Anyway…we had our family Christmas yesterday, and it was so much fun!!

@zoosermom I think it’s great when in-laws get along like family. Not all of them do, though, and families work it out in ways that suit them best. Our holidays and special occasions involve immediate in-laws and in-laws of in-laws and their SO’s and kids. It’s a lot of fun and impressed my ex so much when he was here for a visit with our grown kids that he wrote me thanking me for including him in such a happy group. His own family of origin was nothing like that, and while I liked his parents, they never randomly called me to talk. They didn’t even call their own son for random reasons! But they were nice people and I enjoyed it when they visited. We were, however, two completely different families.

So while I’[m not Romani, there’s a different perspective for you.
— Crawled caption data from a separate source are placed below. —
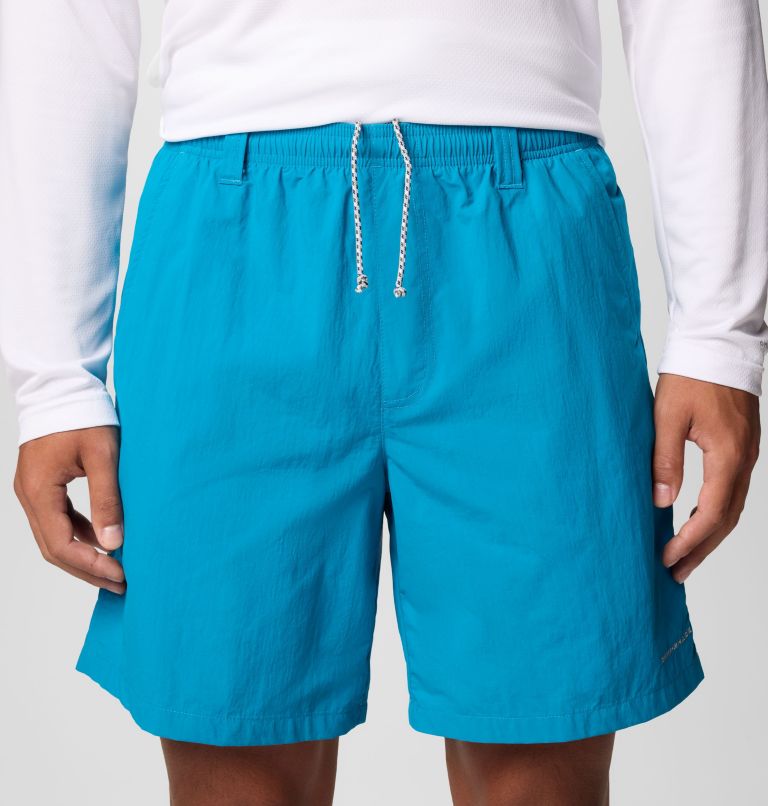 Men's PFG Backcast IV Water Shorts, Color: Blue Echo, image 5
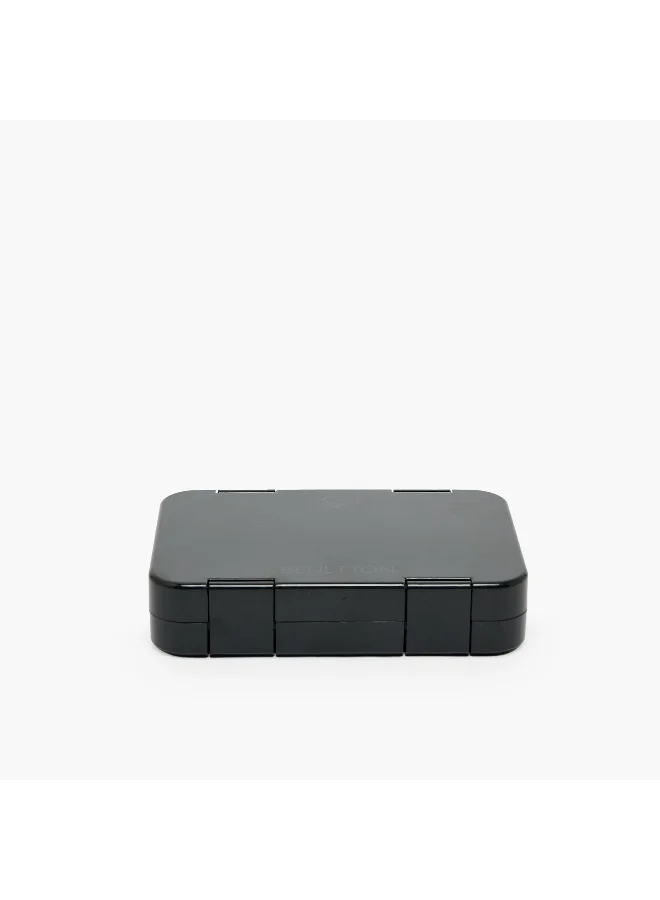 يونايتد كولورز أوف بينتيون Ucb-Lunch Box-810 Ml- (Pp) Black \ 21.1X14.7X4.6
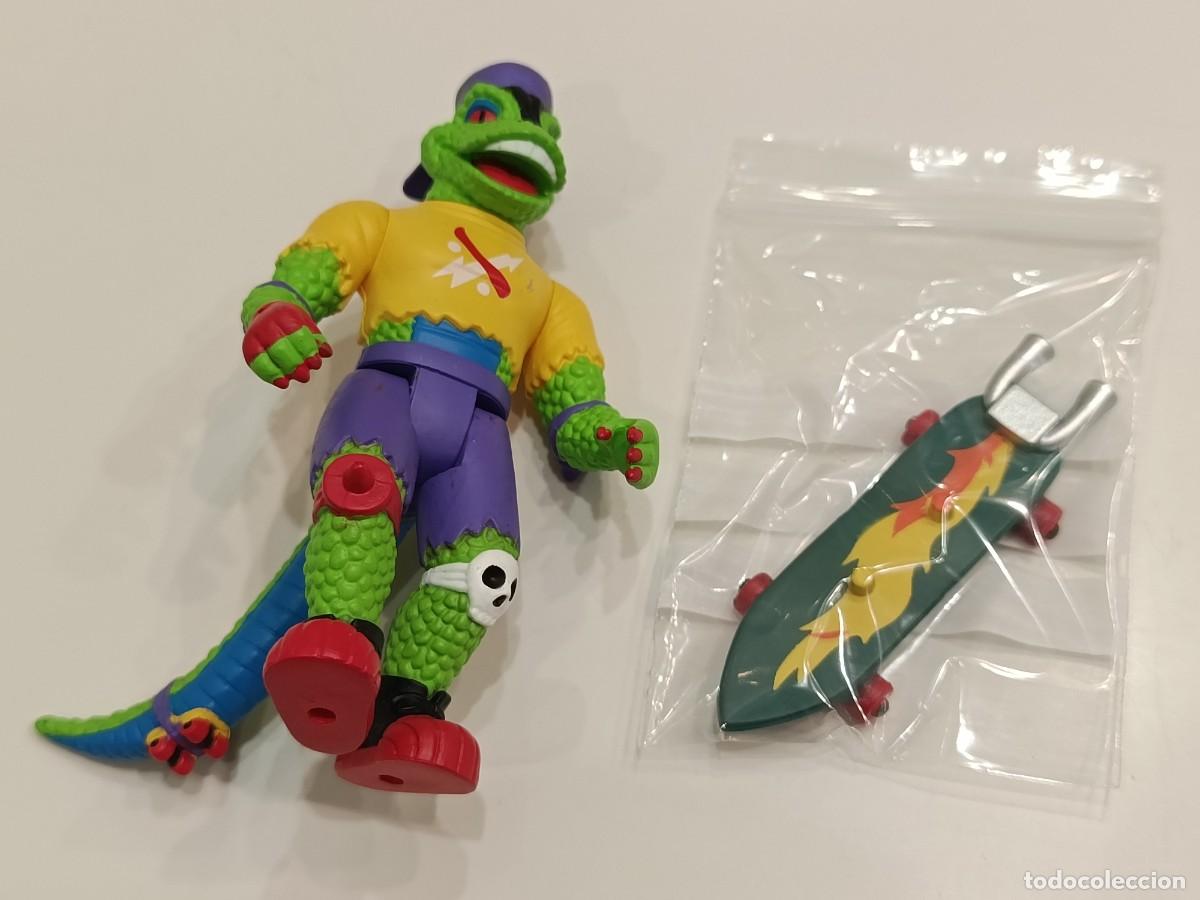Figuras y mu&ntilde;ecos Tortugas Ninja: ROCK&acute;N ROLL MONDO GECKO - TORTUGAS NINJA TMNT - REACTION SUPER 7 (2021) - FIGURA COMPLETA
You may find that as your other children add in-laws, it may not be one big, happy family, but that doesn’t mean it would be wrong.

Yes. I understand that. The question was whether that is a hard-and-fast rule. Romani has been suffering terrible health problems and it is inconceivable to me that anyone in her extended family couldn’t/wouldn’t at least call and see how she is. My MIL hated me with a raging passion, but she could call me if she chose and did from time to time. Rarely, but I wouldn’t have said that every interaction had to go through her son. I would have never let her pit us against each other, but there were occasions for contact over the decades.

I didn’t say that we had one big, happy family. I said that some in-laws have separate relationships that aren’t precluded by rules about who can speak with whom directly.

My family of origin is large–I have 6 sibs with me and 5 sibs married. Between us there are 15 if the next generation and two of the youngest generation. My folks are still hanging in there at 87 and 92. Whomever hosts our large clan often includes the other relatives (spouse’s side of the family), the unmarried brother may attend or not and may bring one or many guests or not.

I have a good relationship with H’s brother and nudge H to call him at least weekly or monthly (otherwise he falls off the radar). I am close to one SisIL but get along with the other ILs just don’t get together with them.

Maybe there’s a very good reason they have that rule in place.